By Eric Duran
When people think of flying insects into their gardens, butterflies are often the first to come to mind. There is, however, a plethora of various other insects that flutter by. This month, we’re going to have a look at common beetles that appear in Bellaire- and West University-area gardens. Beetles are the most diverse group of animals on earth, and they live in an equally diverse array of habitats, eating a wide variety of diets. They are often beautiful and interesting, and honestly, are one of my favorite groups of creatures.
Of course, one of the most iconic and delightful beetles that we see in our gardens are ladybugs, also called
or ladybird beetles.

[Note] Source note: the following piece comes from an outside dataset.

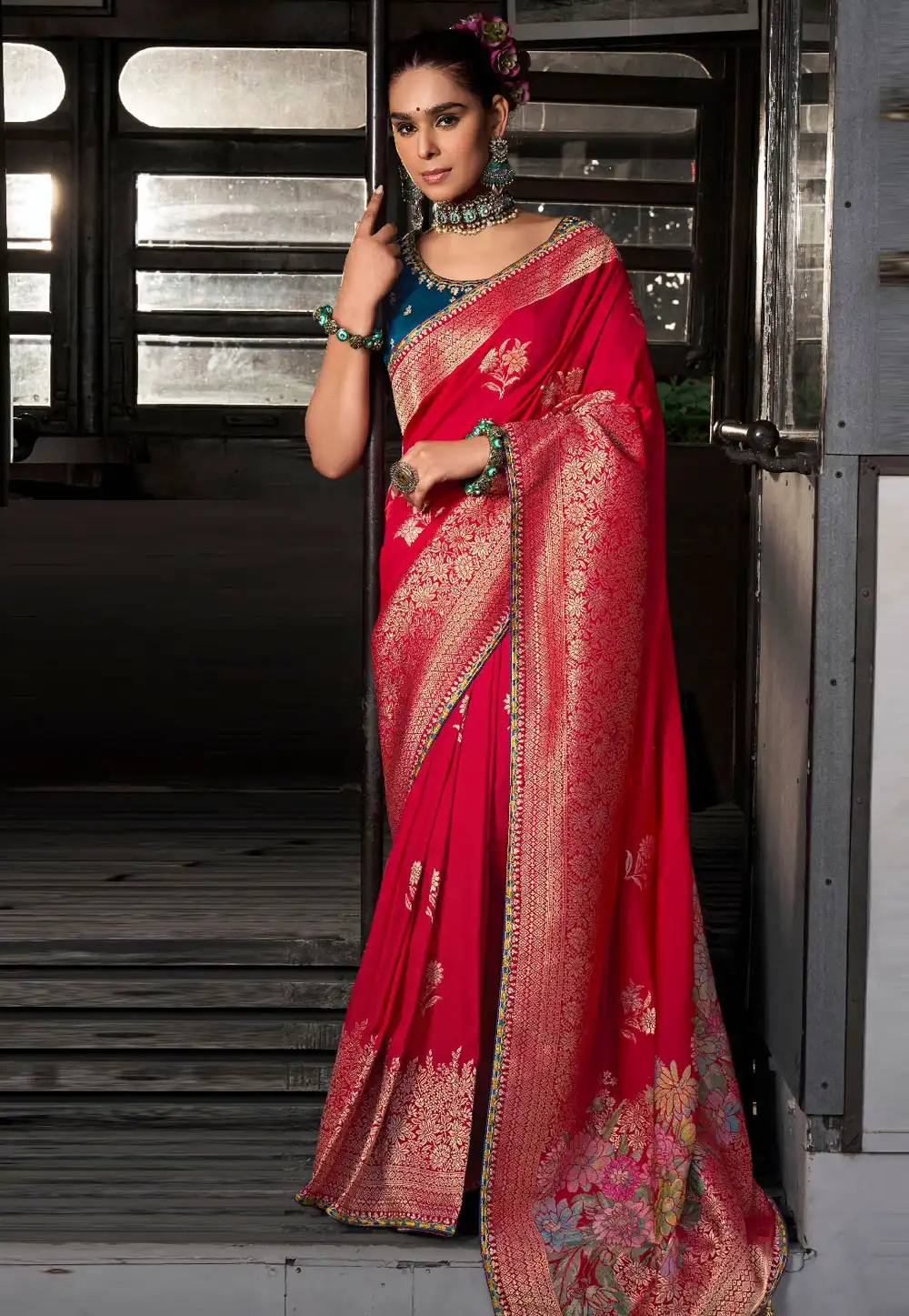 Magenta Viscose Saree With Blouse 317736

Ladybugs are usually predatory, feeding on aphids and scale insects. There are a few tiny “micro-ladybugs” that feed on mildew and other fungi.
Many commonly encountered ladybugs are actually non-native and were introduced into North America from Europe (Seven-spotted Ladybird) or China (Asian Ladybird). These non-native ladybugs, introduced and still sold through the garden trade for pest control, often harm native ladybug populations, as well as other native insects. We recommend that you do not use these in your garden.
Some of the native Texas ladybugs you can find in your garden are 2-spotted, 20-spotted (a micro ladybug), Pink Spotted, Convergent, and Spotless Ladybirds.
Not every beetle with spots is a ladybug. Another common garden beetle is the Spotted Cucumber Beetle. These small light green beetles have black spots but don’t tuck their heads under their thoraxes the way that ladybugs usually do. Cucumber beetles are in a family called the leaf beetles. As the name would suggest, the larvae or these beetles feed on cucumbers and other plants in the squash family. As adults, they are very active, flying around the garden, often feeding on pollen and nectar from flowers. You may also encounter two close relatives, the striped and the banded cucumber beetles.
The Green June Beetle is a large robust beetle that is often seen clumsily flying around area gardens in Spring and early Summer. They are a dull shiny green with a whitish border and sometimes with a bronzy wash over the green. They are in the same family, the scarabs, along with the other “june bugs,” dung beetles, flower beetles, and Hercules beetles.
The fat white grubs live underground and feed on humus, soil fungi, and plant roots. The adults feed on fruit (especially rotting fruit) and pollen and nectar from flowers. Every year, they emerge from underground in late spring in our outdoor animal enclosures and have to be let out of the cages every morning.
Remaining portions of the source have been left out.